Posted on:2006-02-26Degree:Ph.DType:Dissertation
University:Rutgers The State University of New Jersey - New BrunswickCandidate:Diebel, Sarah EFull Text:PDF
GTID:1455390008964725Subject:Art history
Abstract/Summary:
This dissertation explores the ways in which the survival of the ancient ars memoria had a direct and significant impact on the appearance of art in the period of the Renaissance. The influence of this complex system of visualization can be divined in the format of a popular type of urban perspective view best represented by the well-known "Ideal City" panels in Urbino, Baltimore, and Berlin.
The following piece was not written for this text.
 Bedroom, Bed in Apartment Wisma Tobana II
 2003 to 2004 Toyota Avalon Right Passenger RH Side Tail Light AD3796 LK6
The presence of mnemonic structure in these images belies the continued use and cultivation of this ancient intellectual exercise on a wide scale in both a secular and religious milieu.; An underlying mnemonic framework is also apparent in some narrative images produced during the Renaissance, hinting at a long-standing reciprocal relationship between the formation of mnemonic imagery and the production of pictorial art. Mnemonic structure is evident as well in certain decorative motifs commonly found in ecclesiastical settings like sacristies and choirs, and secular ones like the intarsiated studies of Federico da Montefeltro, the Duke of Urbino. The presence of mnemonic motifs in Renaissance studies is an indicator of the extent of some scholars' continued reliance on the Art of Memory. Moreover, the development of these decorative motifs in both real studies and painted ones follows an evolution in the perceived role of the memory arts from their primary employment as a practical tool in the fifteenth century to their elevation in the sixteenth century to a mystical level as a powerful key to cosmic understanding.